SHTF Medical Emergencies: Why This Antibiotic is the Most Popular Type Stored

Jeremiah Johnson | Comments (44) | Reader Views (14516)

 

Ready Nutrition Readers, before you scoff completely at the title and smirk at the use of a manufactured pharmaceutical, there are a few things I ask you to keep in mind.  I have written before on my stance regarding both naturopathic and traditional medicines, and I will reiterate that position once more if you have either forgotten it or not read it:

 Herbalism is the parent of modern medicine, and the two “branches” should complement one another and never be in contradiction.

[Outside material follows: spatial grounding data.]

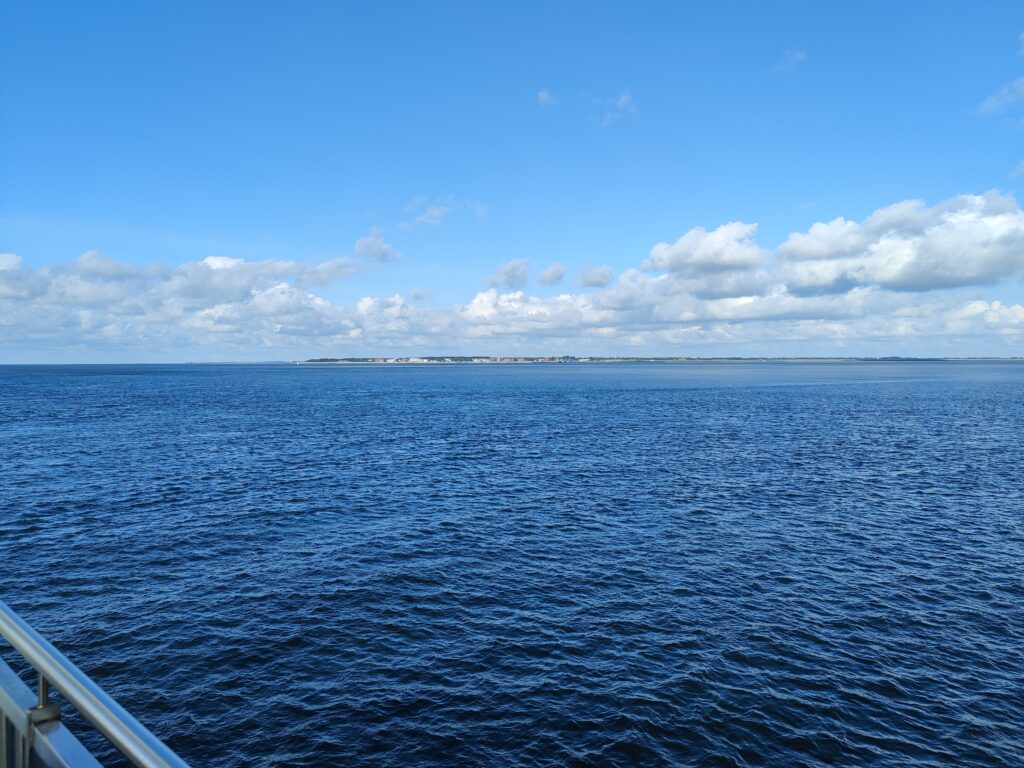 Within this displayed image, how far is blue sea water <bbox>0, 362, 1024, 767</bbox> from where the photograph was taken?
19.9m

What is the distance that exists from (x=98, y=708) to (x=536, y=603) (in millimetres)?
27120

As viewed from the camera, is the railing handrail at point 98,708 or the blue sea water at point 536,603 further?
the blue sea water at point 536,603

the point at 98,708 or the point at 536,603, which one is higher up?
the point at 98,708

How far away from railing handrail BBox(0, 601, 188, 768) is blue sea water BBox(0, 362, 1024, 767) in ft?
58.6

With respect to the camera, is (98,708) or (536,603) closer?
(98,708)

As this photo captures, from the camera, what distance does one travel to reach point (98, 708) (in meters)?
3.16

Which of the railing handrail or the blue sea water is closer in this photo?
the railing handrail

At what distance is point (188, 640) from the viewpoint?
2480cm

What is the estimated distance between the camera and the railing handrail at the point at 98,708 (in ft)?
9.34

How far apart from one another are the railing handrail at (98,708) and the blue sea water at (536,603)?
58.6 ft

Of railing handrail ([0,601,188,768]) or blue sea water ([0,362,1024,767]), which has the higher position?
railing handrail ([0,601,188,768])

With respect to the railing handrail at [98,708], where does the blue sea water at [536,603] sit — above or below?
below

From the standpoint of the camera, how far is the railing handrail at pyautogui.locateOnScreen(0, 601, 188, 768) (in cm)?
285

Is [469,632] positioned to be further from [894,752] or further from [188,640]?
[894,752] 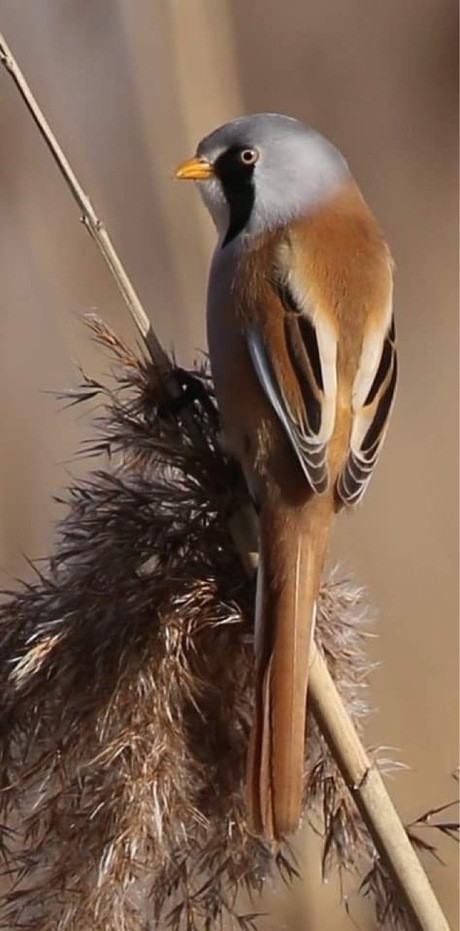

I have the utmost respect for the educational background of physicians.  The definition of a true physician is one who uses his skills to for the benefit of a patient in need and helps that patient as best as can be done.  Don’t discount modern medicine completely.  Where one of the two branches cannot work, or does not work effectively, the other should be able to pick up the slack.  In this light, do not relegate all of the chemistry and science behind medicines that do work.  Sometimes we need that extra “edge” when facing an illness we cannot rectify through traditional home remedies.

Why Amoxicillin is the Most Popular Type of Antibiotic

One of the best medicines to stock up on is Amoxicillin, a drug that has been actively used in the service since 1972.  It is a pretty broad-spectrum antibiotic that is great for bacterial infections, such as ear infections, sinusitis, respiratory ailments, UTI (Urinary Tract Infections), Lyme disease (yes, we’re entering tick season now), pneumonia, and other ailments.  A well-rounded antibiotic, it has a shelf life of more than 15 years.  That in itself should ring a bell for you as a happy prepper.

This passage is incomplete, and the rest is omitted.